Выстраивая повествование в форме дневника умершего героя, Берберова оказывается на пересечении традиций русской классики и современной литературы. С одной стороны, наследуется бунинский[486]
излюбленный прием изображения жизни после сообщения о смерти героя, заставляющий читателя сосредоточиться не столько на событиях, сколько на характере личности; с другой, – повествовательная форма дневника, как «моментальной фотографии мысли» (Г. Адамович), вписывается в искания молодых прозаиков 1930-х годов, группирующихся вокруг журнала «Числа».[487] И, наконец, временная дистанция сообщает запискам (и сюжету) героини (сознательную или бессознательную) пародийную функцию: записки героини как пародия на прозу «незамеченного поколения», предпринятая с другой точки зрения – «искусства как мастерства» Ходасевича, Набокова, развивающих модернистскую концепцию творчества Серебряного века[488] (образ нищей, обездоленной, с печатью «бездарного гения» аккомпаниаторши, тип письма как «последней правды» о жизни, смерть как единственно возможный ее результат). Этот «взгляд со стороны» на свое поколение литераторов осуществляется в повести Берберовой с помощью метатекстовой структуры: благодаря повествовательной рамке дневник героини, претендующий на последнюю истину о современном эмигрантском существовании, превращается лишь в один из его вариантов.Г. П. Р., искавший в лавке у старьевщика «чего-нибудь русского», купил клеенчатую тетрадь «вместе с гравюрой, изображающей город Псков в 1775 году, и лампой, бронзовой, когда-то керосиновой, теперь, впрочем, снабженной довольно порядочным электрическим шнуром».
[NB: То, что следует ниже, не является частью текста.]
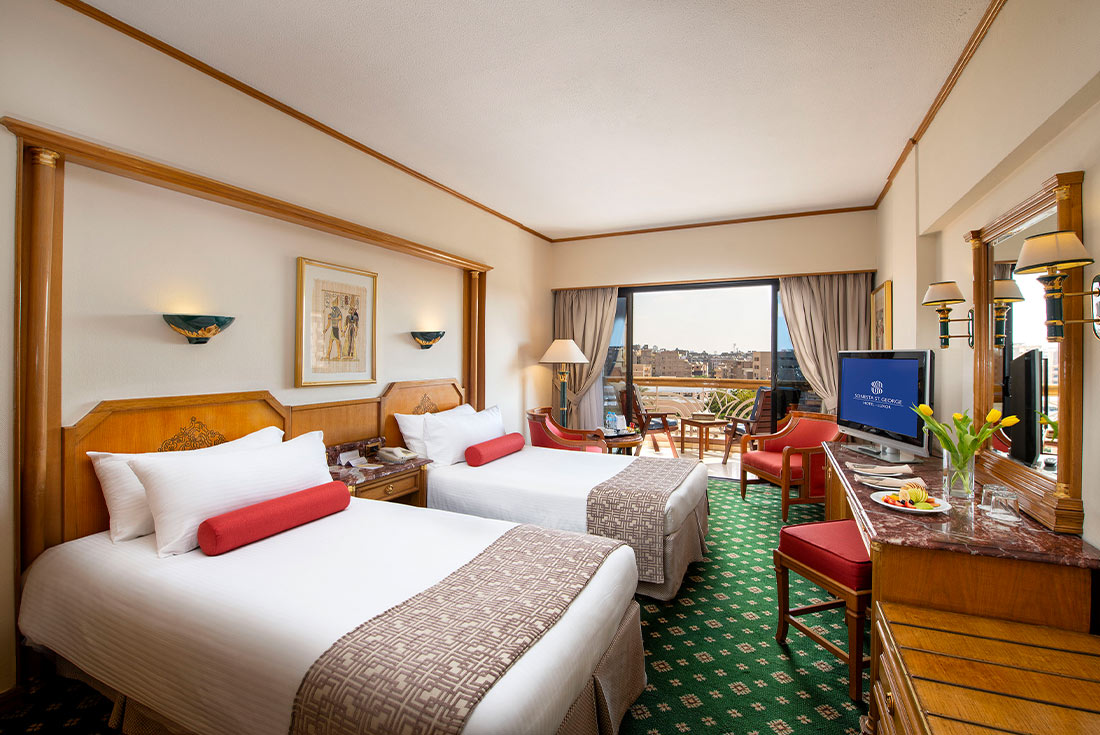 9-Day Premium Ancient Egypt Tour from Cairo: Aswan, Nile Cruise, Edfu and Luxor | 8 Breakfasts, 3 Lunches and 6 Dinners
Вещи, «сопровождающие» дневник, обладают культурной символической памятью: гравюра с изображением Пскова (1775 г. не несет конкретной исторической семантики) – символ «корней» российской культуры, лампа – российского просвещения, традиции которого продолжала в эмиграции «Зеленая лампа» Мережковских (лампа «с электрическим шнуром»). Вместе с оставшимися после героини нотами (музыка) гравюра (изобразительное искусство) и записки Сони (словесность) выстраивают авторскую универсальную модель культуры, в которую вписываются (или не способны вписаться) судьбы героев.Публикация записок аккомпаниаторши сообщает им статус артефакта – художественного документа эпохи, который сохраняется и живет вопреки смерти их автора. Проективную значимость этого документа (глубоко укорененного в традиции – «продавец достал из пыльного шкафа… клеенчатую тетрадь, такую, какие спокон веку служили особам, преимущественно молодым, для писания дневников»
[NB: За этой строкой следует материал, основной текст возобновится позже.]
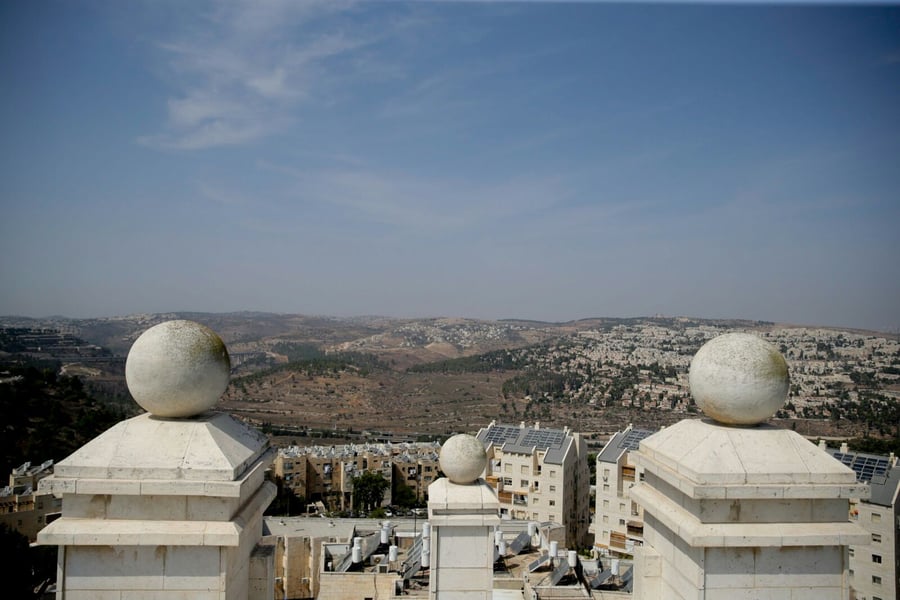 ירושלים - מגג בית המדרש של בעלזא. צפו
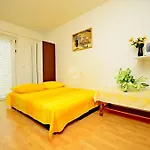 Mario With Private Parking Apartman *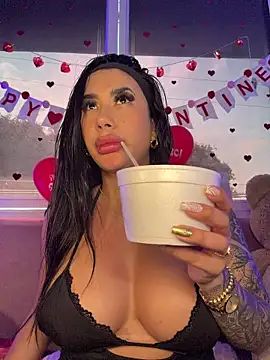 kiim taaylor online show from February 17, 2:16 pm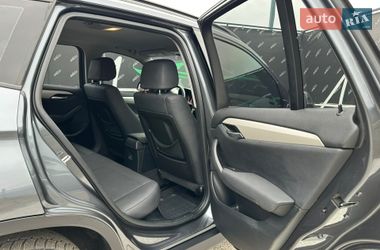 Внедорожник / Кроссовер BMW X1 2012 в Киеве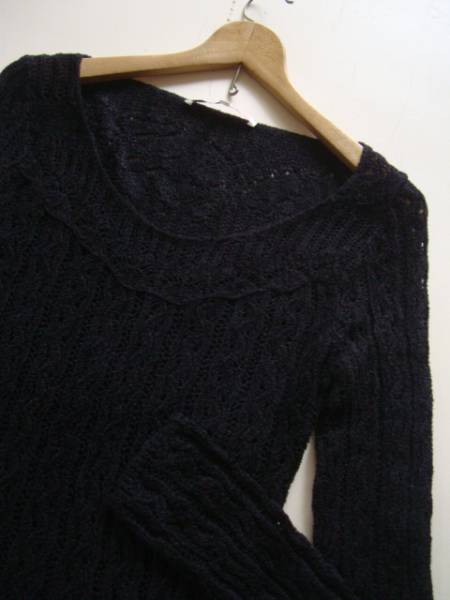 ungaro fuchsia Italy made black sweater sizeS Ungaro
[С. 3] – и соединяющего современную дневниковую прозу потока сознания с дневниковой классической традицией предшествующих эпох) автор реализовал с помощью структуры «обрамляющего метатекста» (Р. Д. Тименчик).[489] Повествовательная рамка сыграла роль двойного моделирования: сюжет распада оказался обрамленным, «вошел» в сюжет творческого созидания. Изображающий гибель человека в эмиграции дневник Сони содержит в себе и альтернативные пути преодоления тотального социального разрушения – жизнь в творчестве Травиной, Митеньки, Бера. Разрушительные силы истории властны над заурядными людьми, ждущими подарков от судьбы, но не творящими ее. В этом смысле смерти Павла Федоровича и Сони, не имеющих своей собственной судьбы, а только «сопровождающих» Травину, в определенной степени закономерны. Творческая личность в художественном мире Берберовой адекватна времени и самодостаточна, а потому всегда обретет свою Америку – землю обетованную.